Investment Models are a concept and a strategic framework that defines the method by which capital is mobilized and deployed into specific assets to generate income and drive economic growth. Historically, India's investment strategy began with the Harrod-Domar Model, which guided the First Five-Year Plan (1951-1956) and emphasized economic growth through increased savings and investment. This was followed by the Feldman-Mahalanobis model (later the Nehru-Mahalanobis model) in the Second Five-Year Plan (1956-1961), which prioritized investment in heavy industries to build a strong industrial base.
A major shift occurred with the Rao-Manmohan Model of the 1991 Reforms, which introduced Liberalization, Privatization, and Globalization (LPG) to solve a severe Balance of Payments crisis, opening the economy to private and foreign capital. This model works by shifting the government's role from being the sole "doer" to a "facilitator".
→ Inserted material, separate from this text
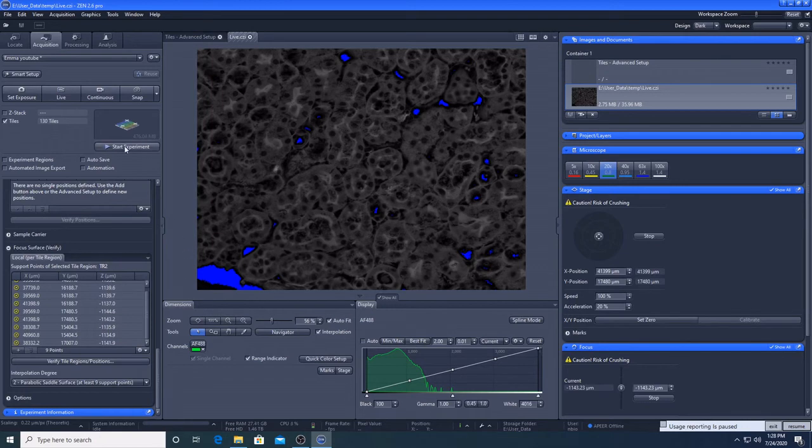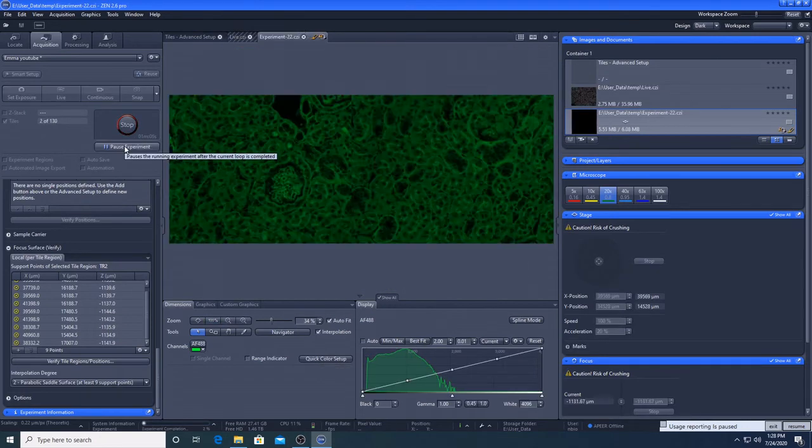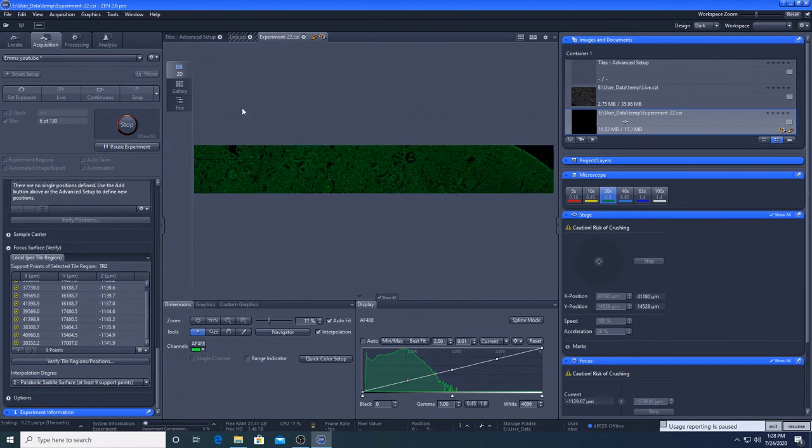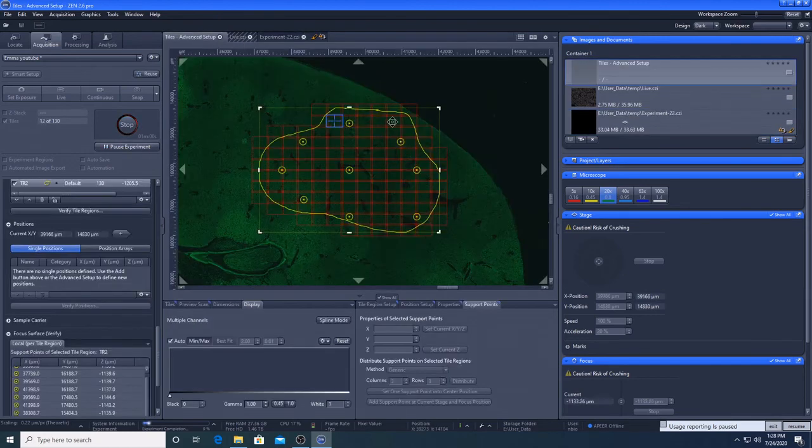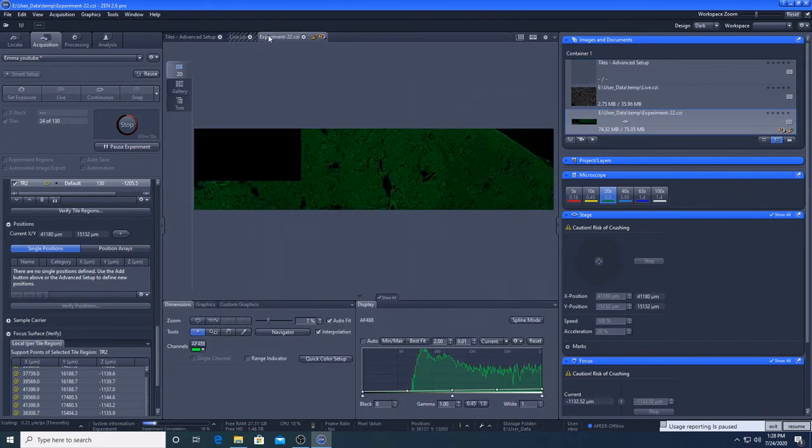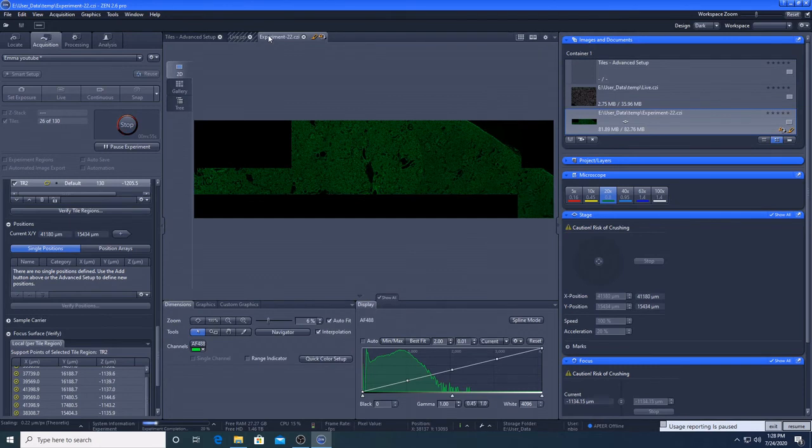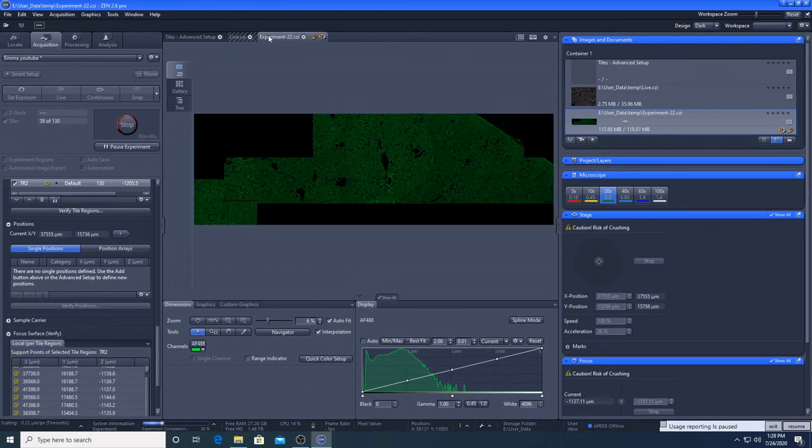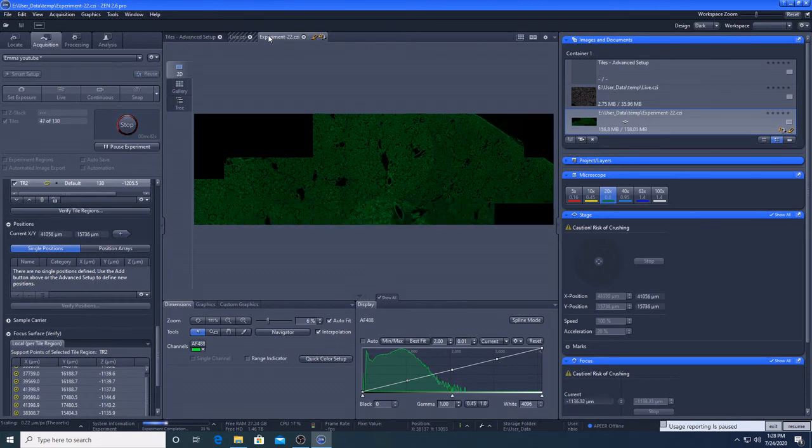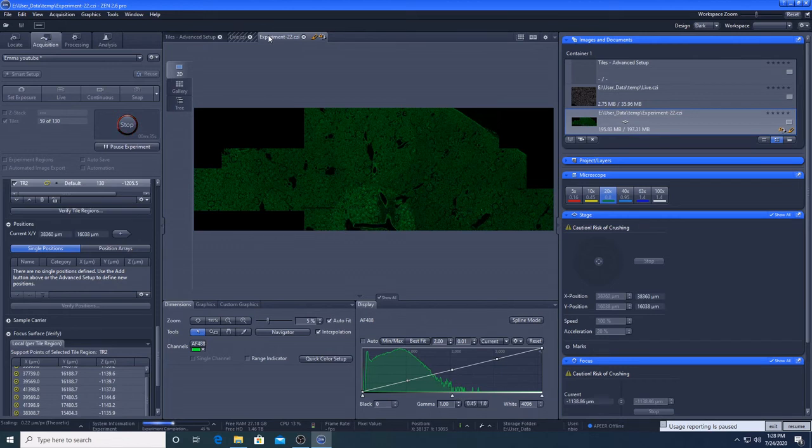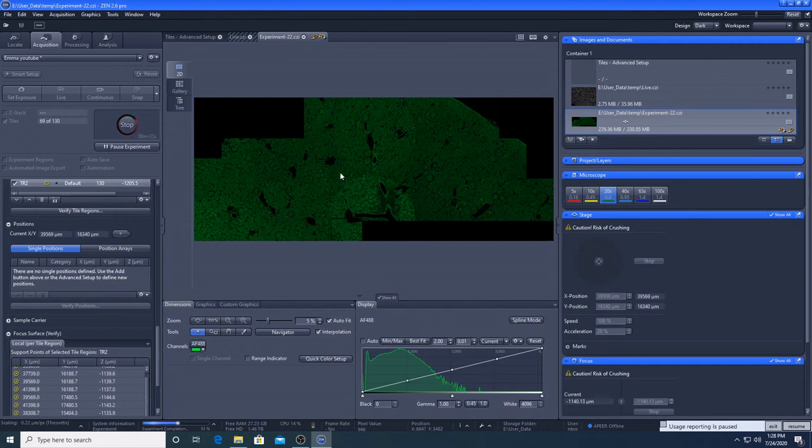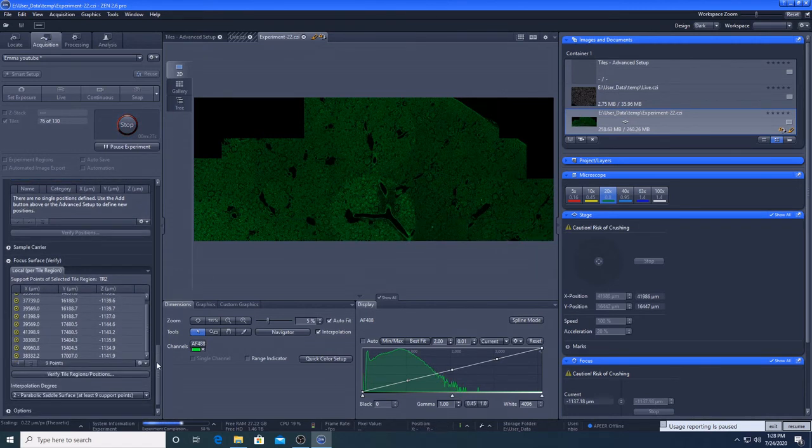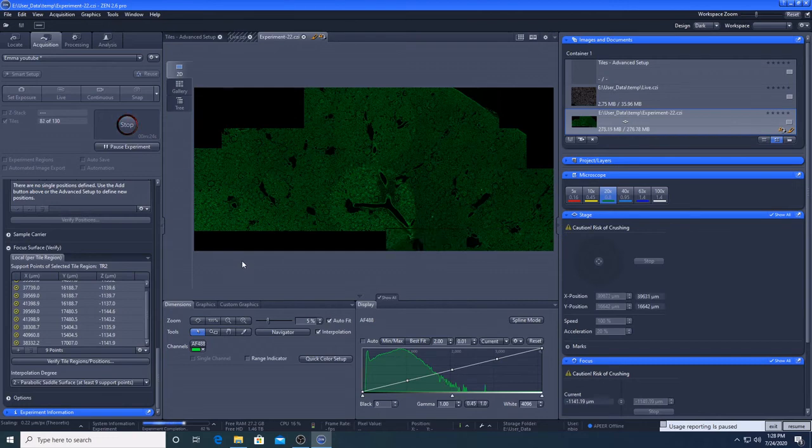And now we're going to go to start the experiment. So these are the images that have been taken. If we go back here, we can see what's moving along. So this is actually pretty swift and that's because our exposure time is so low.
Today, a key mechanism is the Public-Private Partnership (PPP) model, a long-term collaborative arrangement between public and private sectors for infrastructure development. PPPs have variants like Build-Operate-Transfer (BOT), where the private entity builds and operates the asset before transferring it to the government. A recent change is the Hybrid Annuity Model (HAM), where the government provides 40% of the total project cost as a grant, with the private partner financing the remaining 60% and receiving fixed annuity payments from the government over the operating period. This concept connects to institutions like the National Investment and Infrastructure Fund (NIIF), a government-sponsored sovereign wealth fund established in 2015 to catalyze infrastructure investment.